Alors, regardons où nous en sommes, tout en gardant en mémoire que chaque violation consciente de cet équilibre a eu souvent un objectif social louable.
 
- La fiscalité est le premier facteur de distorsion. Pensons aux carburants, par exemple. La TVA a été une tentative réussie de taxer en proportion du service rendu. Mais alors pourquoi des taux variables ?
- L'énergie a des prix artificiels. EDF qui doit assurer l'investissement de nouvelles capacités et l'entretien puis le démantèlement de ses anciennes centrales nucléaires est empêchée de pratiquer un prix qui le lui permettrait. Et cela aboutit au risque annoncé d'insuffisance de production si l'hiver est froid ! Mais surtout, avec la récente folie des "énergies renouvelables" subventionnées parfois à 75%, ce n'est plus le doigt, mais le poing qu'on met sur la balance ! Quelle incitation ont-elles à devenir efficaces, puisqu'elles sont payées sans l'être ?
- L'agriculture présente une situation encore plus sournoise.

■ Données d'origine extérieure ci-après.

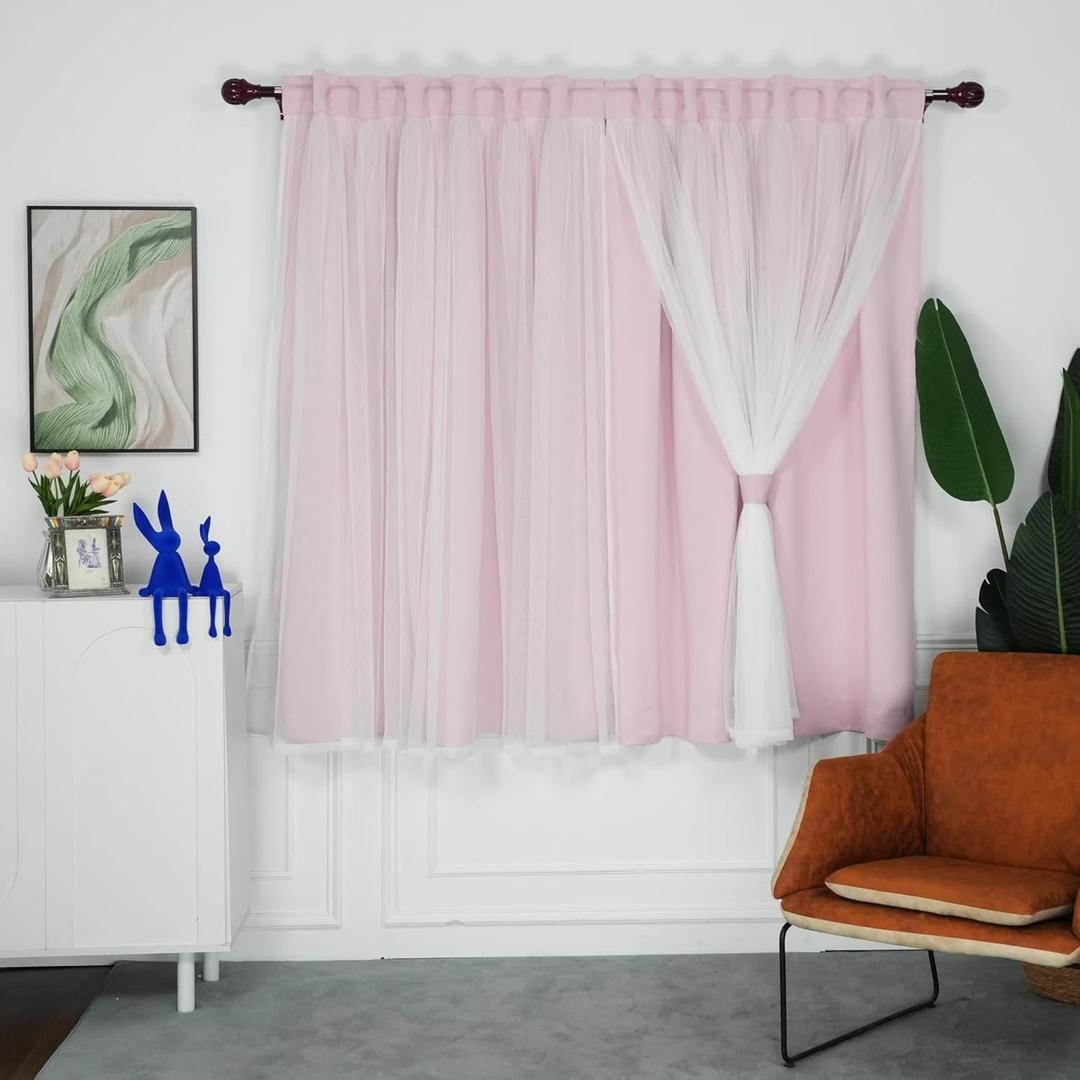 INLINAS Pale Pink Blackout Curtains with Sheer Overlay - Rod Pocket Thermal and Noise Reduction Panels for Bedroom and Living Room Light Blocking and Energy Saving, 52 x 63 Inches, Set of 2 INLINAS Pale Pink Blackout Curtains with Sheer Overlay - Rod Pocket Thermal and Noise Reduction Panels for Bedroom and Living Room Light Blocking and Energy Saving, 52 x 63 Inches, Set of 2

Les milliards de la PAC faussent évidemment les prix, mais surtout, lorsqu'on approche les "nouveaux agriculteurs" on découvre des chasseurs de primes : des dizaines de petits mécanismes d'aide à ceci ou cela, des taux de l'argent distordus, des services gratuits, de l'eau gratuite souvent gaspillée, des primes à l'arrachage suivies de primes à la plantation, etc. 
- Les transports où l'inéquité est souveraine. N'oublions pas que la SNCF a une perte égale à son chiffre d'affaire (sic), ce qu'elle cache honteusement dans ses comptes et qui ne se révèle qu'à la lecture des comptes de son ministère de tutelle. Et elle continue à faire rouler des TER souvent vides et un fret sans marchandises. Pourquoi pas des subventions aux carrosses ou aux chars à bras ? Quelle incitation a la SNCF à améliorer son service et ses coûts, si elle est protégée aussi totalement de la concurrence ?
- L'éducation ne se paie pas non plus à son prix. Que ce soit une mission publique de donner gratuitement à tout français un socle de connaissance et d'apprentissage de nos coutumes communautaires, je le comprends. Obligatoire, donc gratuit, soit. Mais au-delà, pourquoi ? On voit bien que les écoles privées, souvent très coûteuses, ont des acheteurs. Alors pourquoi pas l'Université ? Je voudrais même avancer l'hypothèse que sa gratuité, face à ceux qui ne la pratiquent pas, est sans doute une des causes de sa décadence. Nous sommes dans un monde où ce qui est gratuit ne vaut rien...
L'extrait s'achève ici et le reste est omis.